NEW WESTMINSTER, B.C. - Many names now familiar to jurors in the Robert Pickton murder trial surfaced again Tuesday as a laboratory witness disclosed DNA results from a staggering number of exhibits, including clothes, sports bags, night vision goggles and hairs.

There were DNA matches for three of the women named on the indictment -- Sereena Abotsway, Mona Wilson and Andrea Joesbury.

The jury also heard about items that contained DNA matching Dinah Taylor, Pat Casanova, Nancy Plasman and Pickton.

Taylor and Casanova were initially arrested in connection with the investigation that led to 26 charges of first-degree murder being laid against Pickton, but they were never charged.

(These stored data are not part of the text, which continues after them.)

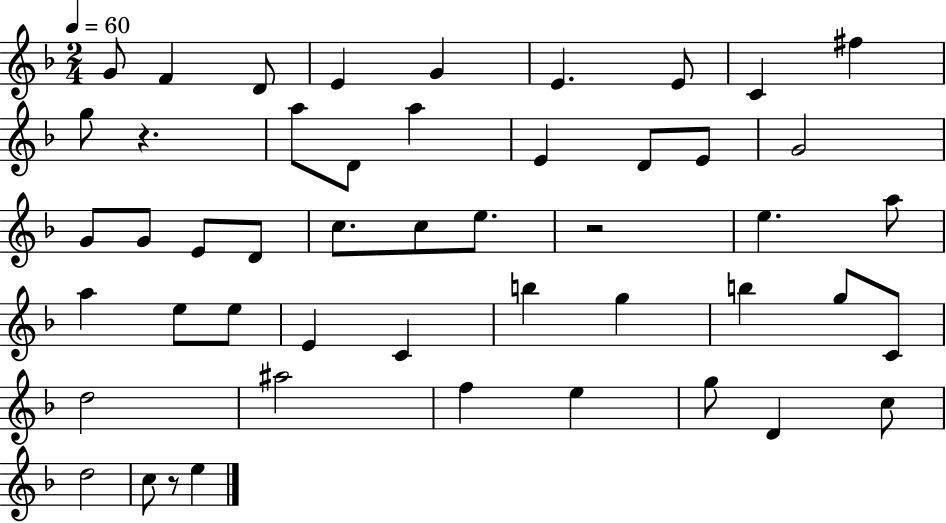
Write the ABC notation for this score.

X:1
T:Untitled
M:2/4
L:1/4
K:F
G/2 F D/2 E G E E/2 C ^f g/2 z a/2 D/2 a E D/2 E/2 G2 G/2 G/2 E/2 D/2 c/2 c/2 e/2 z2 e a/2 a e/2 e/2 E C b g b g/2 C/2 d2 ^a2 f e g/2 D c/2 d2 c/2 z/2 e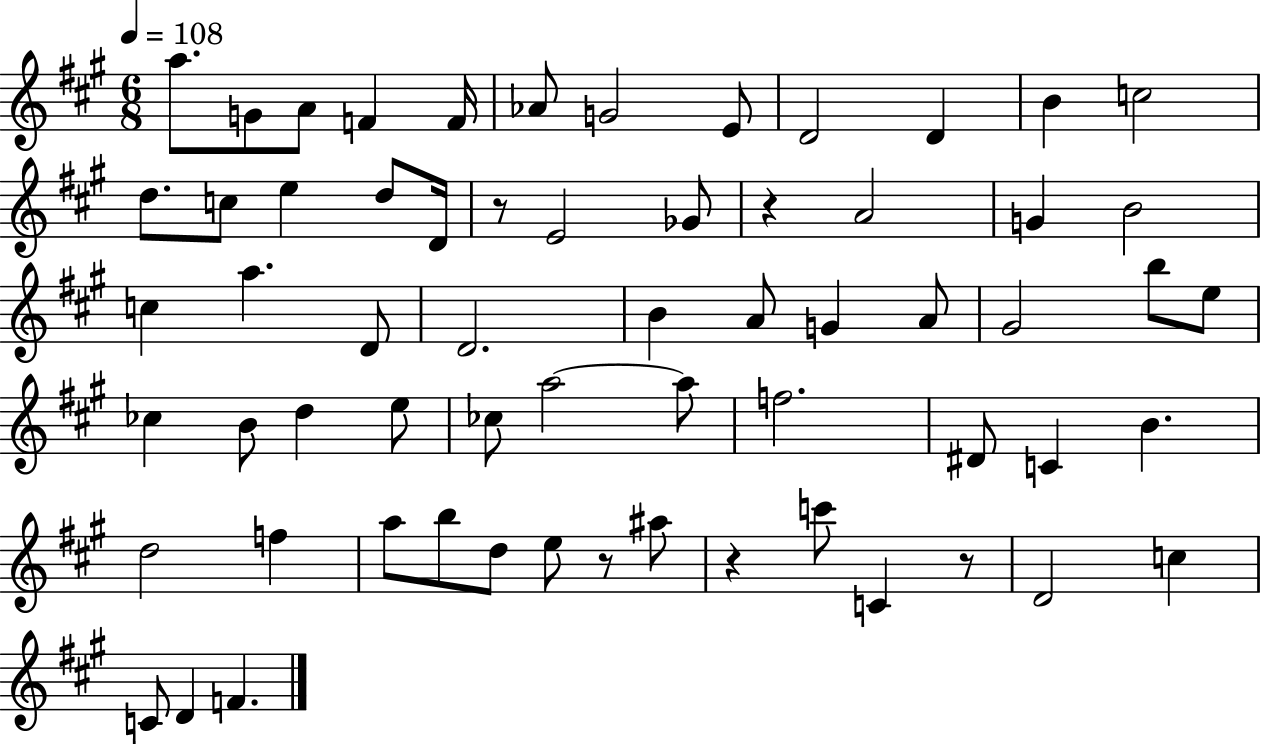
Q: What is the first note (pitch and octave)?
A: A5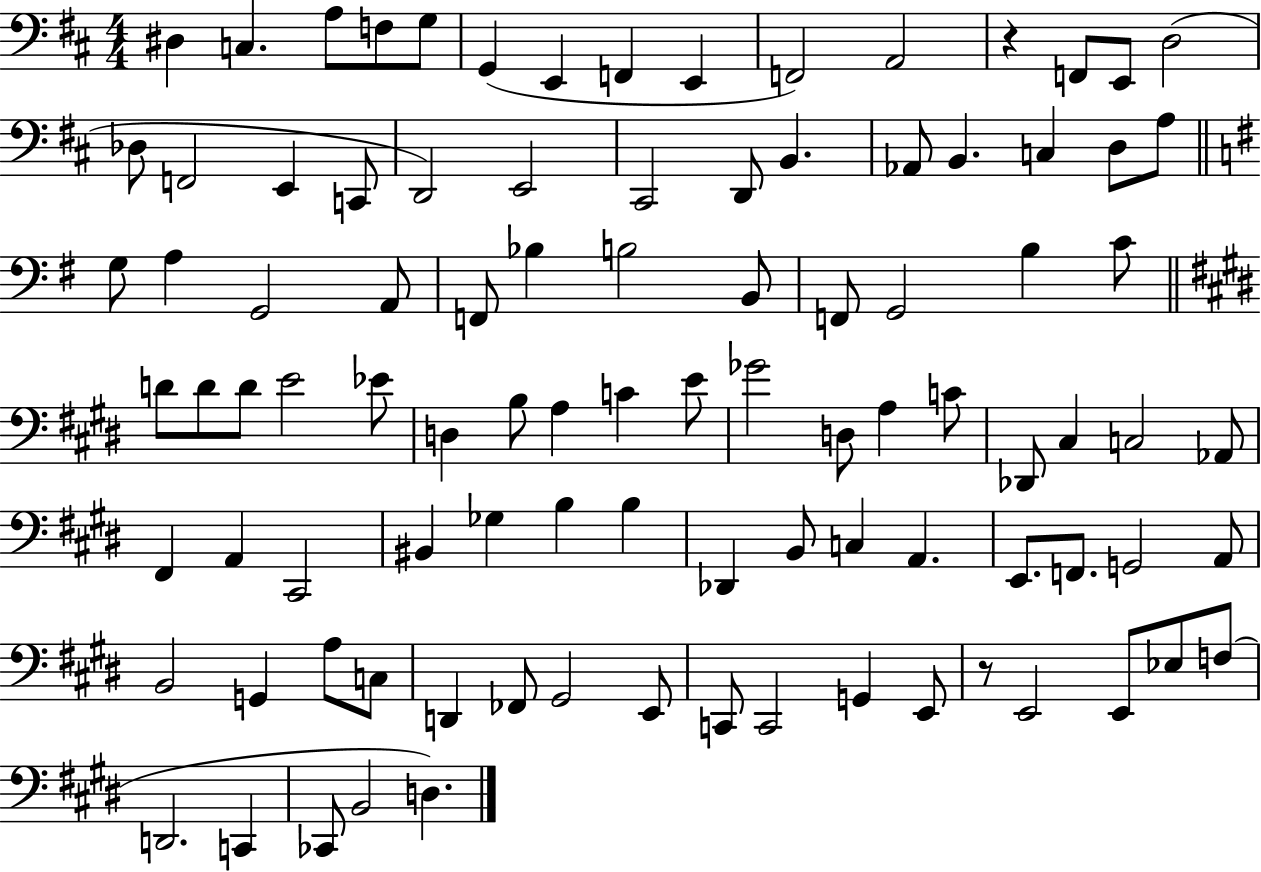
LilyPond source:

Plasman was a Pickton friend.

Yvon de Moissac, who collected and analyzed some exhibits during the massive investigation of the Pickton property that began in February 2002, testified that a black, see-through blouse taken from a closet in the trailer where Pickton lived yielded a DNA profile matching Abotsway.

A pair of night vision goggle, de Moissac told Crown prosecutor Derrill Prevett, yielded a DNA profile matching Casanova, while other matches taken from the goggles's strap yielded a profile of the accused.

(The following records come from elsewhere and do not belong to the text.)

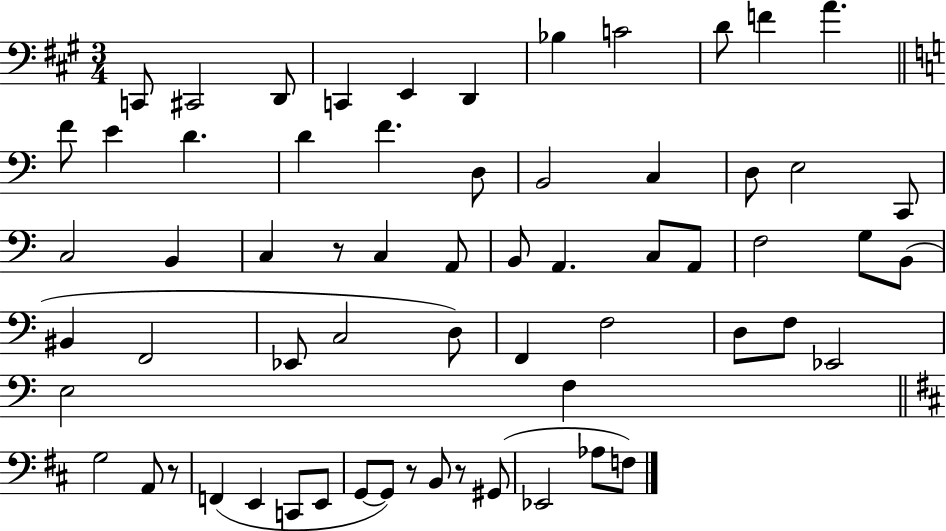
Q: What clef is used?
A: bass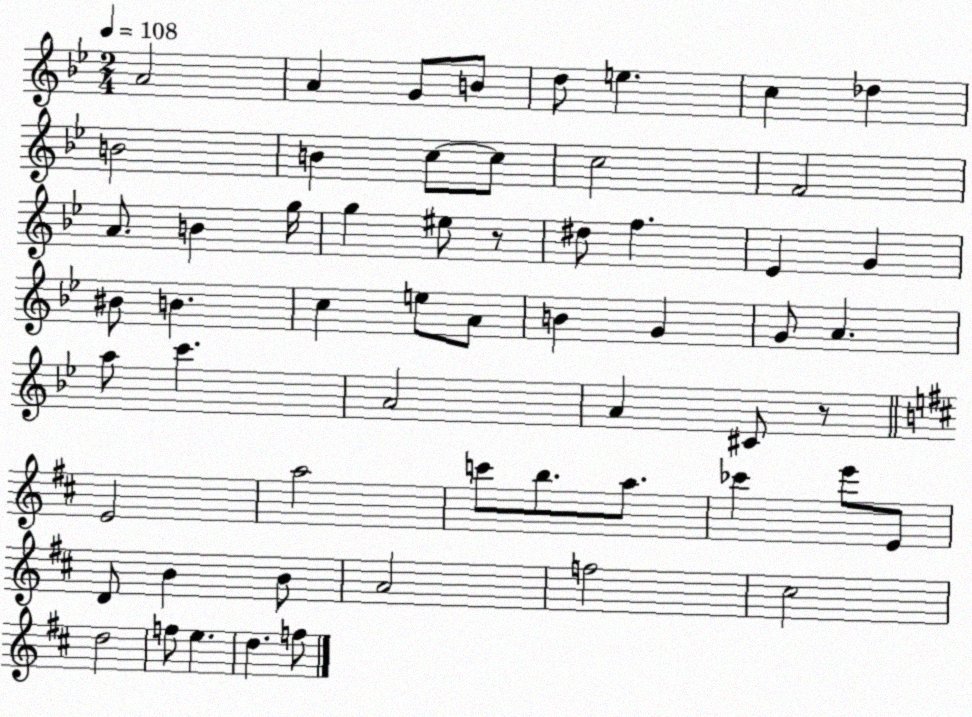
X:1
T:Untitled
M:2/4
L:1/4
K:Bb
A2 A G/2 B/2 d/2 e c _d B2 B c/2 c/2 c2 F2 A/2 B g/4 g ^e/2 z/2 ^d/2 f _E G ^B/2 B c e/2 A/2 B G G/2 A a/2 c' A2 A ^C/2 z/2 E2 a2 c'/2 b/2 a/2 _c' e'/2 E/2 D/2 B B/2 A2 f2 ^c2 d2 f/2 e d f/2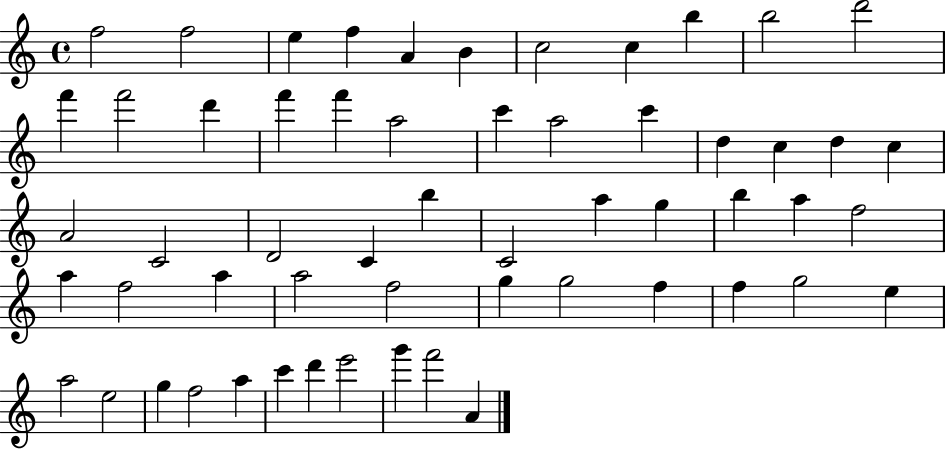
{
  \clef treble
  \time 4/4
  \defaultTimeSignature
  \key c \major
  f''2 f''2 | e''4 f''4 a'4 b'4 | c''2 c''4 b''4 | b''2 d'''2 | \break f'''4 f'''2 d'''4 | f'''4 f'''4 a''2 | c'''4 a''2 c'''4 | d''4 c''4 d''4 c''4 | \break a'2 c'2 | d'2 c'4 b''4 | c'2 a''4 g''4 | b''4 a''4 f''2 | \break a''4 f''2 a''4 | a''2 f''2 | g''4 g''2 f''4 | f''4 g''2 e''4 | \break a''2 e''2 | g''4 f''2 a''4 | c'''4 d'''4 e'''2 | g'''4 f'''2 a'4 | \break \bar "|."
}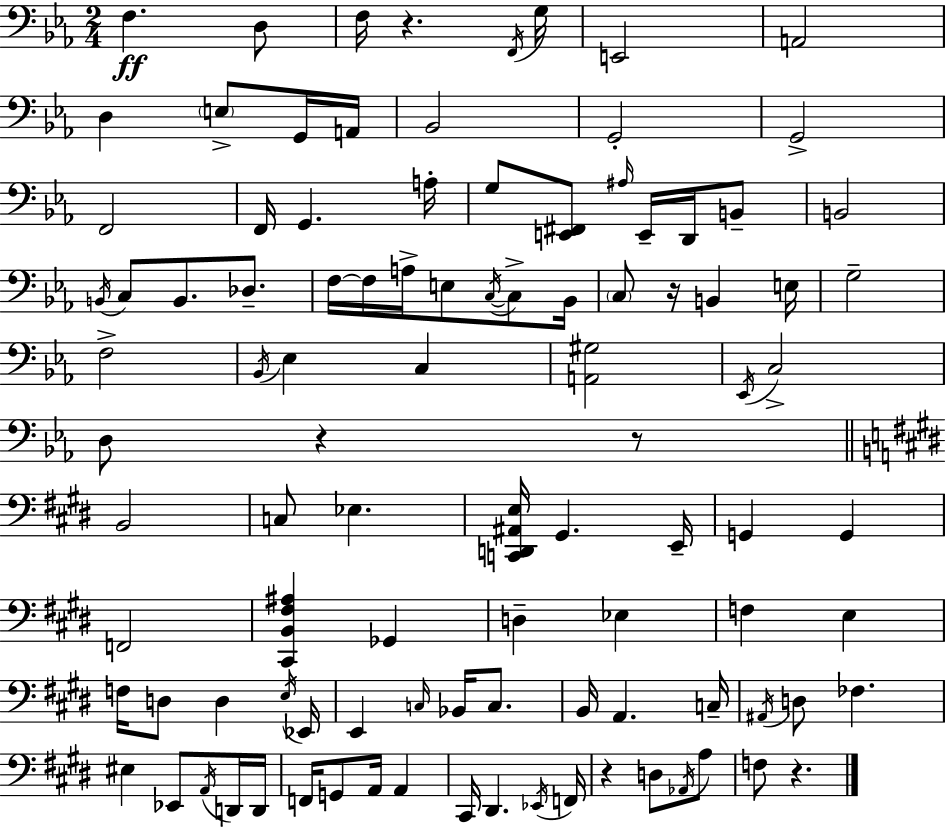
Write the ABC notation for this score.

X:1
T:Untitled
M:2/4
L:1/4
K:Cm
F, D,/2 F,/4 z F,,/4 G,/4 E,,2 A,,2 D, E,/2 G,,/4 A,,/4 _B,,2 G,,2 G,,2 F,,2 F,,/4 G,, A,/4 G,/2 [E,,^F,,]/2 ^A,/4 E,,/4 D,,/4 B,,/2 B,,2 B,,/4 C,/2 B,,/2 _D,/2 F,/4 F,/4 A,/4 E,/2 C,/4 C,/2 _B,,/4 C,/2 z/4 B,, E,/4 G,2 F,2 _B,,/4 _E, C, [A,,^G,]2 _E,,/4 C,2 D,/2 z z/2 B,,2 C,/2 _E, [C,,D,,^A,,E,]/4 ^G,, E,,/4 G,, G,, F,,2 [^C,,B,,^F,^A,] _G,, D, _E, F, E, F,/4 D,/2 D, E,/4 _E,,/4 E,, C,/4 _B,,/4 C,/2 B,,/4 A,, C,/4 ^A,,/4 D,/2 _F, ^E, _E,,/2 A,,/4 D,,/4 D,,/4 F,,/4 G,,/2 A,,/4 A,, ^C,,/4 ^D,, _E,,/4 F,,/4 z D,/2 _A,,/4 A,/2 F,/2 z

The witness said an orange garbage bag taken from inside the building that has become known as the slaughterhouse yielded a DNA profile matching Joesbury.

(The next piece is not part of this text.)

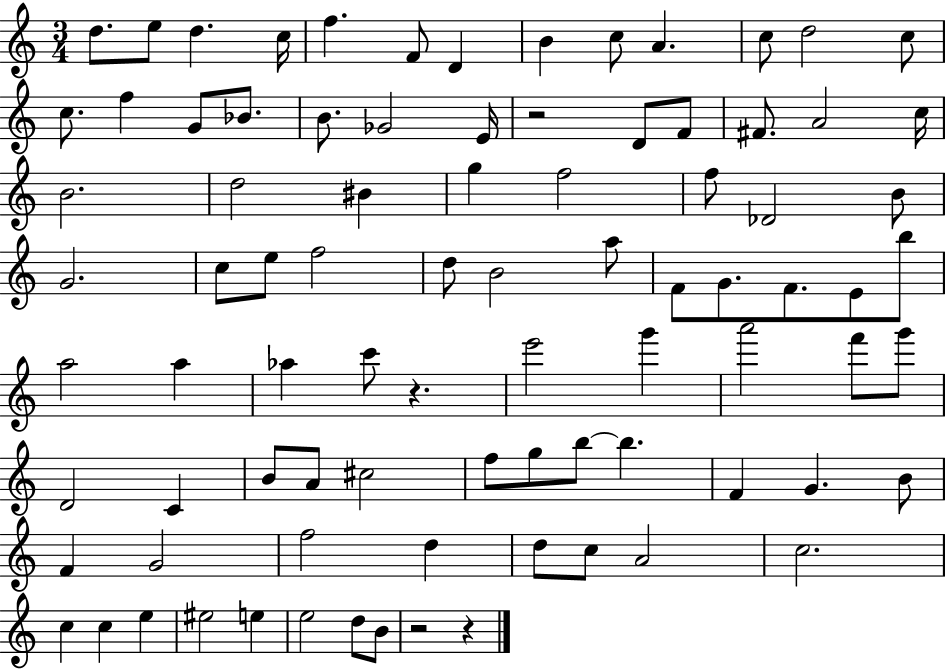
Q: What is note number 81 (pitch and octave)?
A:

Under cross-examination by defence lawyer Marilyn Sandford, de Moissac acknowledged the match for Joesbury was only one of 269 swabs for DNA taken from the bag.

Sandford did not ask the witness about any other results.

De Moissac also acknowledged the evidence recovery unit's work on the site in the early stages of the investigation changed.

Sandford asked about a broken bottle found in a motorhome on the property that the jury has already heard yielded the DNA of Wilson.

He said he sent only a single swab from that particular bottle to the lab.

Sandford wanted to know why only one swab was sent when many swabs are often taken from other exhibits.

"In the early stages of the investigation, gridding was not considered an option,'' he said, explaining that in the early going the evidence unit had a general practice of submitting one example.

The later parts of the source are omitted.